Court of Appeals of Texas, Thirteenth District, Corpus Christi-Edinburg
Dec 21, 2023
No. 13-22-00448-CR (Tex. App. Dec. 21, 2023)

Opinion

13-22-00448-CR

12-21-2023

AMANDA NICHOLE GUIDRY A/K/A AMANDA GUIDRY, Appellant, v. THE STATE OF TEXAS, Appellee.


Do not publish. TEX. R. APP. P. 47.2(b).

On appeal from the 356th District Court of Hardin County, Texas.

Before Chief Justice Contreras and Justices Benavides and Tijerina

MEMORANDUM OPINION

DORI CONTRERAS CHIEF JUSTICE

Appellant Amanda Nichole Guidry a/k/a Amanda Guidry was convicted of causing serious bodily injury to a child, a first-degree felony. See Tex. Penal Code Ann. § 22.04(a). The jury assessed punishment at eighty years' confinement. By her sole issue, Guidry contends the trial court erred by denying her pretrial motion to quash the indictment charging her with capital murder of a child younger than six years of age. See Act of May 28, 1993, 73rd Leg., R.S., ch. 887, § 1, 1993 Tex. Gen. Laws 3529 (current version at Tex. Penal Code Ann. § 19.03(a)(8)). We affirm.

In 2011, the legislature amended the offense to apply to a child younger than ten years of age. Act of May 29, 2011, 82nd Leg., R.S., ch. 1209, § 1, 2011 Tex. Gen. Laws 3235-36 (amended 2019, 2023) (current version at Tex. Penal Code Ann. § 19.03(a)(8)). The amendment applies only to offenses committed on or after September 1, 2011. Id. §§ 2, 3. Accordingly, the previous version of the statute applies in this case.

I. Background

This appeal was transferred to this Court from the Ninth Court of Appeals in Beaumont by order of the Texas Supreme Court. See Tex. Gov't Code Ann. § 73.001.

Guidry moved in with her then-boyfriend, Jason Delacerda, around December 2010. Her four-year-old daughter, B.L., who had been living with Guidry's mother, moved in with Guidry and Delacerda about two weeks later. On August 17, 2011, paramedics were dispatched to Delacerda's residence in response to a 9-1-1 call. Guidry told the dispatcher that her daughter was not breathing. Delacerda then explained to the dispatcher that B.L. was recovering from a broken leg and head injury she sustained previously, but she seemed to have had a seizure.

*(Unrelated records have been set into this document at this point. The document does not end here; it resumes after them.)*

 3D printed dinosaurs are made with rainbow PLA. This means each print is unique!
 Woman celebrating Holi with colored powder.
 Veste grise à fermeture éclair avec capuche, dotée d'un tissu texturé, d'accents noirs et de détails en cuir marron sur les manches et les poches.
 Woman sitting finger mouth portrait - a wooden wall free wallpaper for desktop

To protect the identity of the minor child we refer to her by her initials. See Tex. Const. art. I, § 30(a)(1) (providing that a crime victim has "the right to be treated . . . with respect for the victim's dignity and privacy throughout the criminal justice process").

Paramedic Cassandra Walters was the first medical professional on scene. Walters testified that B.L. was not breathing and her skin looked pale and blueish when she arrived. She performed CPR and administered an IV and epinephrine to try to start B.L.'s heart. Walters said that she noticed a lot of injuries on B.L.'s body that seemed inconsistent with merely having a seizure. She saw burns on B.L.'s body, including on her foot, upper thigh, temple, and chest. She also noticed B.L. had a broken rib and one of her legs was not "shaped right." Other paramedics arrived and transported B.L. to the hospital.

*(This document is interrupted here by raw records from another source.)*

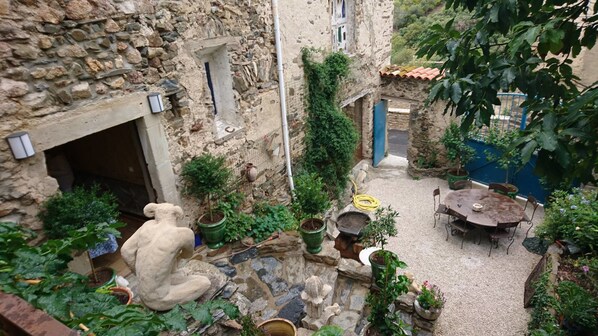 Une cour pavée de pierres, avec un mur en pierre rustique, une petite statue, des plantes en pot, une table avec des chaises et une porte bleue.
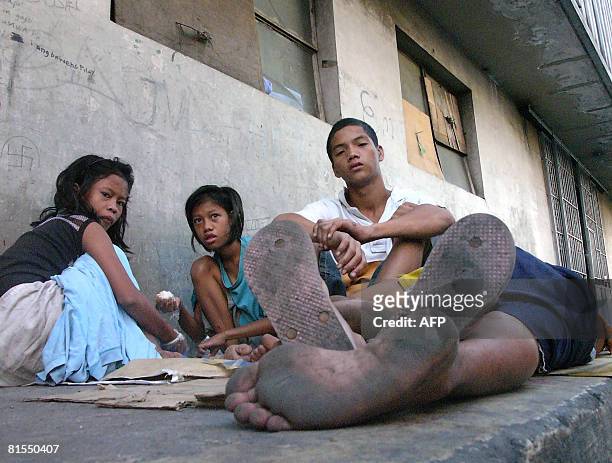 Philippines-homeless-children-streets" by Jason Gutierrez Abandoned children languish in the streets of Manila's sprawling market in Divisoria on...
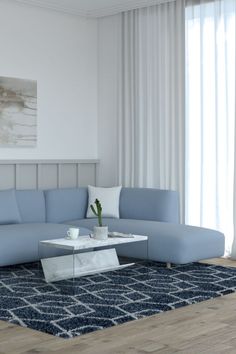 a living room with a blue sectional couch and coffee table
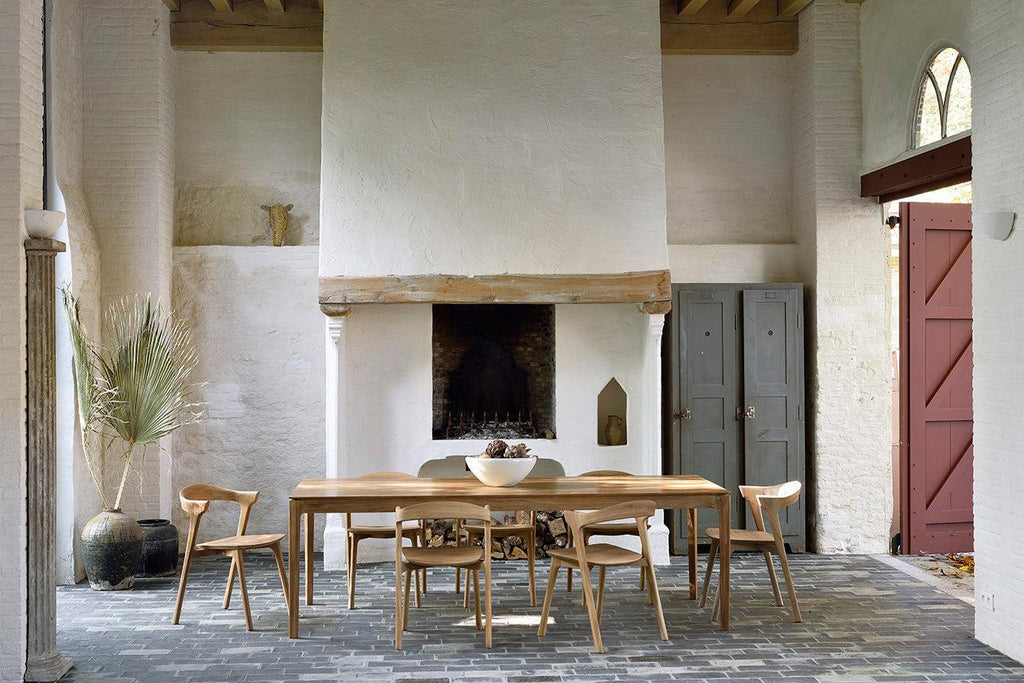 Bok Extendable Dining Table made of natural teak with contoured frame and floating top in a dining room setting
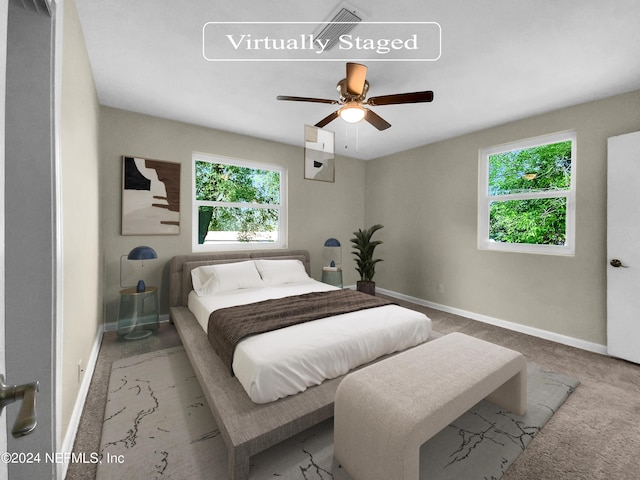 bedroom featuring ceiling fan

B.L. was taken to St. Elizabeth Hospital in Beaumont and was pronounced dead on arrival. Dr. Charles Owen assessed B.L.'s body to determine the cause of her death. He testified that the burns on her body were in various stages of healing and were "all in the context of repeated trauma, intermittent periods of healing, followed by subsequent trauma." Dr. Owen also assessed other injuries on her body, including prominent and extensive bruising on her buttocks and genital region; extensive bruising on the right side of her face; and various abrasions around her facial features. He identified the bruises on her bottom and genital area as the result of "paddling or striking with an object" over a period of time and on "multiple different occasions." From her wounds, he concluded that she had been tortured. Another doctor, Dr. Tommy Brown, testified that B.L.'s ultimate cause of death was "nonaccidental injury with blunt force trauma to the head."

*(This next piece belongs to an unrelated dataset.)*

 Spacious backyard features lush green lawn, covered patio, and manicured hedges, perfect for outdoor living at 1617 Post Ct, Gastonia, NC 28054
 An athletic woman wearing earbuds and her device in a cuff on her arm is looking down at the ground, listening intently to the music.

Guidry testified at trial. She explained that she never left Delacerda because he physically, sexually, and emotionally abused her. He would often take away her phone and threaten to harm her and her family to prevent her from leaving him. He also lied about abusing B.L. and tried to hide her injuries from her. For example, B.L. suffered a broken leg and Delacerda claimed it was from her falling off the trampoline. Another time, Guidry noticed bruising or "swelling" on B.L.'s head after she got home from work. Delacerda told Guidry that the swelling was from B.L. slipping on her cast and hitting her head. She testified that she asked B.L. about her injuries and if she was "okay" living with Delacerda, but B.L. always responded that she was fine. At some point, Guidry believed the injuries were not accidents, but she felt powerless to leave.

Delacerda was convicted of capital murder of a child younger than six years of age and sentenced to the death penalty. Guidry was charged separately and was indicted with the same offense. See id. The indictment alleged that Guidry, on or about August 17, 2011, "did intentionally or knowingly cause the death of an individual, namely [B.L.], a child younger than six years of age."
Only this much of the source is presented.